The function given is \( f(x)=\tanh ^{-1}(\sqrt{x})-2 \sqrt{x} \). To ensure that \( f(x) \) is defined, \( \sqrt{x} \) must be between -1 and 1 because the domain of \( \tanh^{-1}(x) \) is \(-1 < x < 1\). Since \( \sqrt{x} \) is only defined for \( x \geq 0 \), the domain of \( f(x) \) is \( 0 \leq x < 1 \).

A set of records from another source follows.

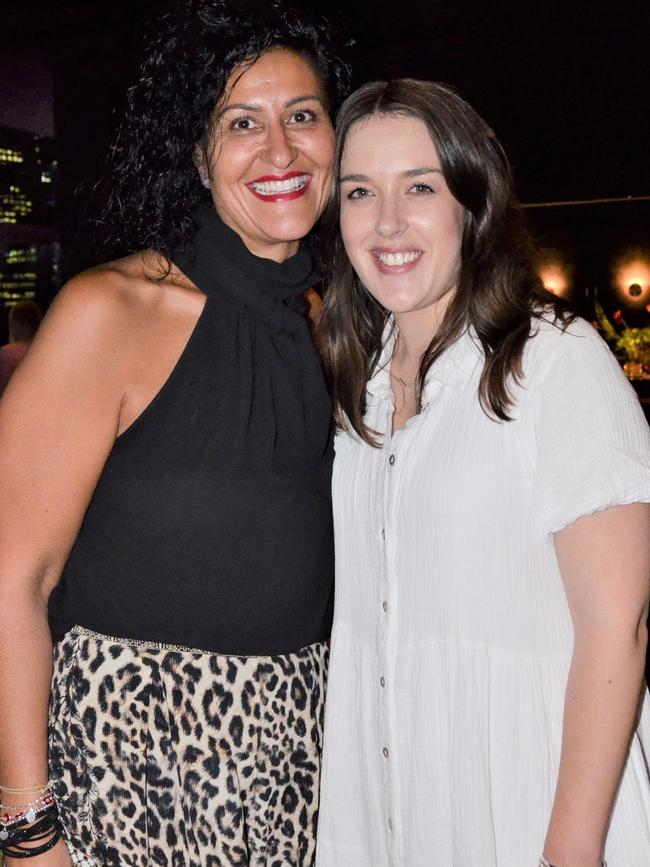 Liliana Sanelli and Rebecca Hewitt. Picture: Fiona Byrne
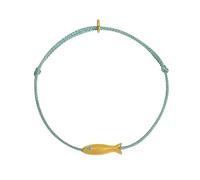 Qcbuegof Fatto a mano intrecciato vintage oro pesce fascino filo di seta blu gioielli tessuti semplice braccialetto semplice braccialetti intrecciati design unico pesce fascino accessorio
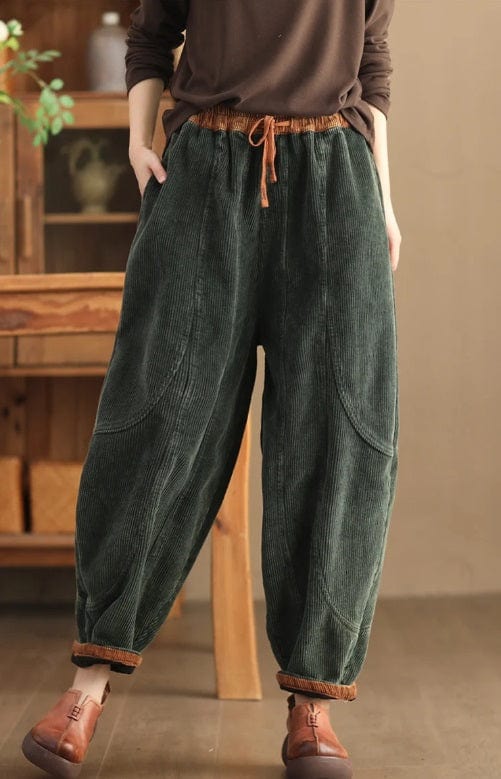 Millie - Damenmodische Cordhose esbjerg-modehus Pants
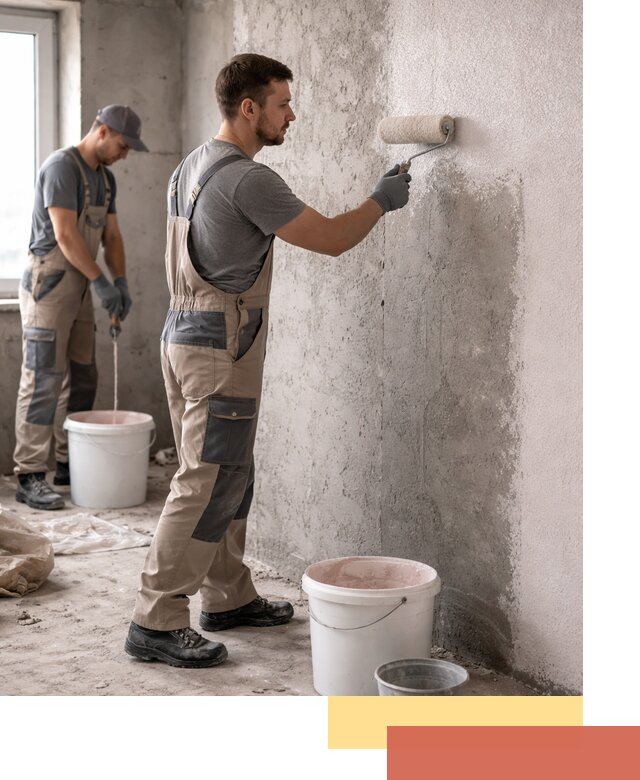 Нанесение бетоноконтакта на стены в Архангельске для последующей отделки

We need to find the derivative of \( f(x) \), which is \( f'(x) \). Using the chain rule and the derivative of \( \tanh^{-1}(x) \), the derivative is:\[ f'(x) = \frac{d}{dx}\left(\tanh^{-1}(\sqrt{x})\right) - \frac{d}{dx}(2\sqrt{x}) \]This simplifies to:\[ f'(x) = \frac{1}{1-x}\cdot\frac{1}{2\sqrt{x}} - \frac{2}{2\sqrt{x}} \]Simplifying further gives:\[ f'(x) = \frac{1}{2\sqrt{x}(1-x)} - \frac{1}{\sqrt{x}} \]\[ f'(x) = \frac{1 - 2x}{2x(1-x)} \]

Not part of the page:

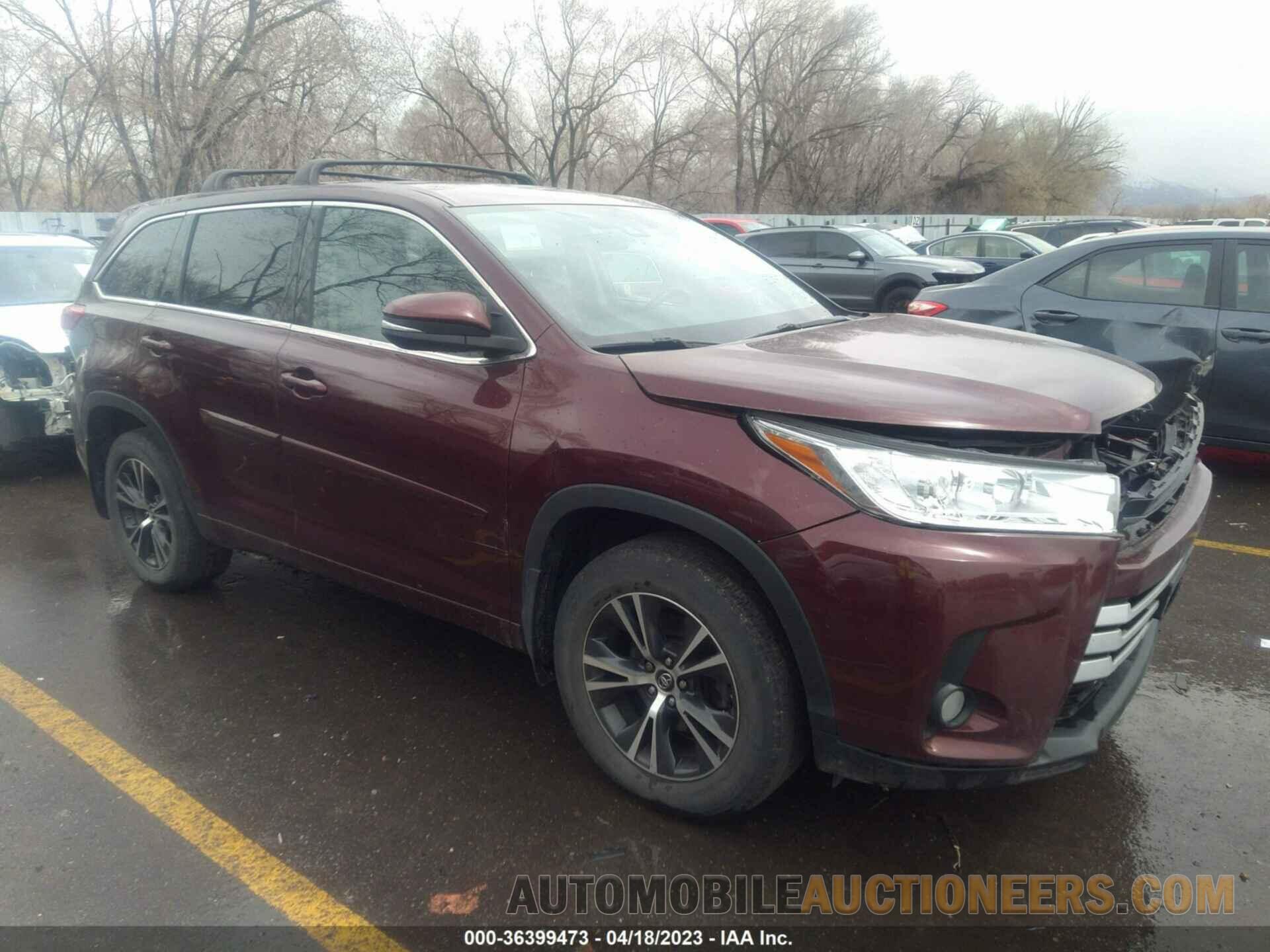 5TDBZRFH2JS846466 TOYOTA HIGHLANDER 2018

Set \( f'(x) = 0 \) to find the critical points:\[ \frac{1 - 2x}{2x(1-x)} = 0 \]The numerator gives us the equation \( 1 - 2x = 0 \). Solving this:\[ 1 = 2x \]\[ x = \frac{1}{2} \]Thus, \( x = \frac{1}{2} \) is the critical point.

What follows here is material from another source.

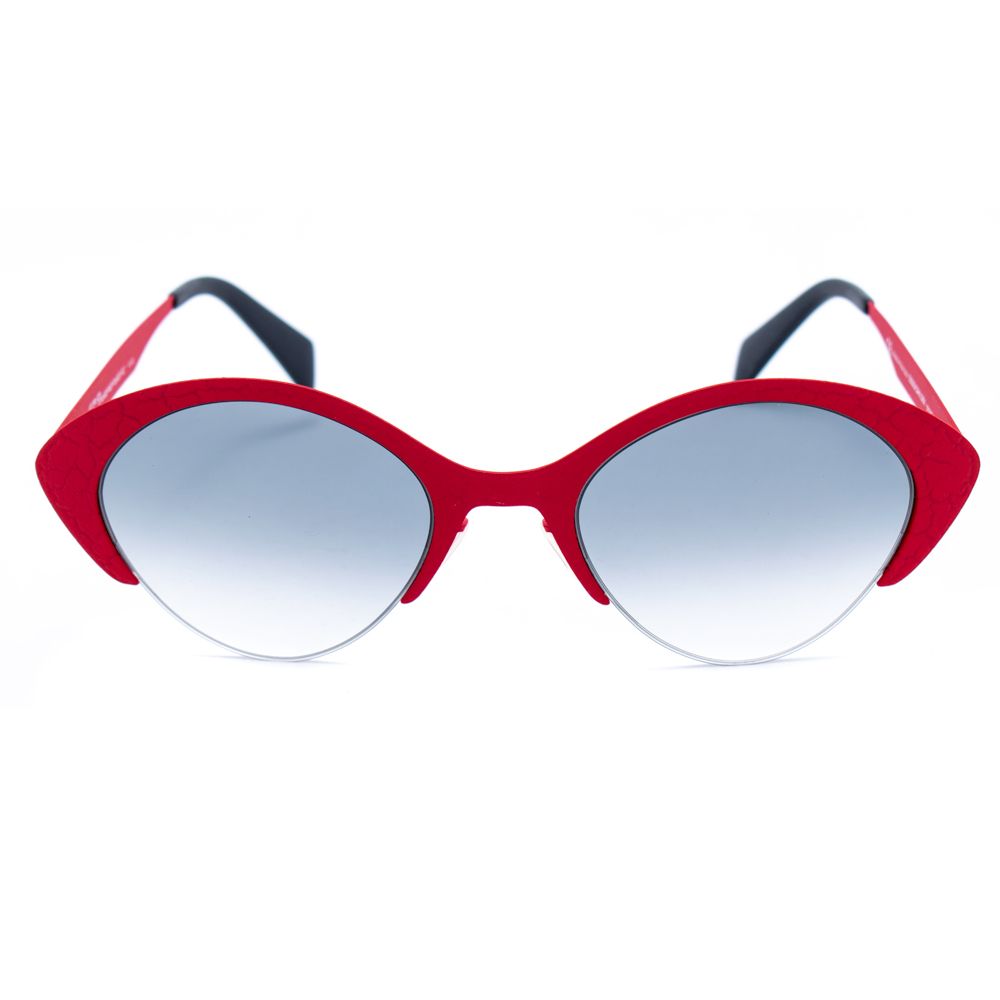 Italia Independent Red Metal Sunglasses Glam Steals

We apply the First Derivative Test around \( x = \frac{1}{2} \):- For \( x < \frac{1}{2} \), choose a test point like \( x = \frac{1}{4} \): - \( f'(\frac{1}{4}) = \frac{1 - 2(\frac{1}{4})}{2(\frac{1}{4})(1-\frac{1}{4})} = \frac{1 - \frac{1}{2}}{\frac{1}{8} \cdot \frac{3}{4}} > 0 \), so \( f'(x) > 0 \).- For \( x > \frac{1}{2} \), choose a test point like \( x = \frac{3}{4} \): - \( f'(\frac{3}{4}) = \frac{1 - 2(\frac{3}{4})}{2(\frac{3}{4})(1-\frac{3}{4})} = \frac{1 - \frac{3}{2}}{\frac{3}{8} \cdot \frac{1}{4}} < 0 \), so \( f'(x) < 0 \).Since \( f'(x) \) changes from positive to negative at \( x = \frac{1}{2} \), \( f(x) \) has a local maximum at \( x = \frac{1}{2} \).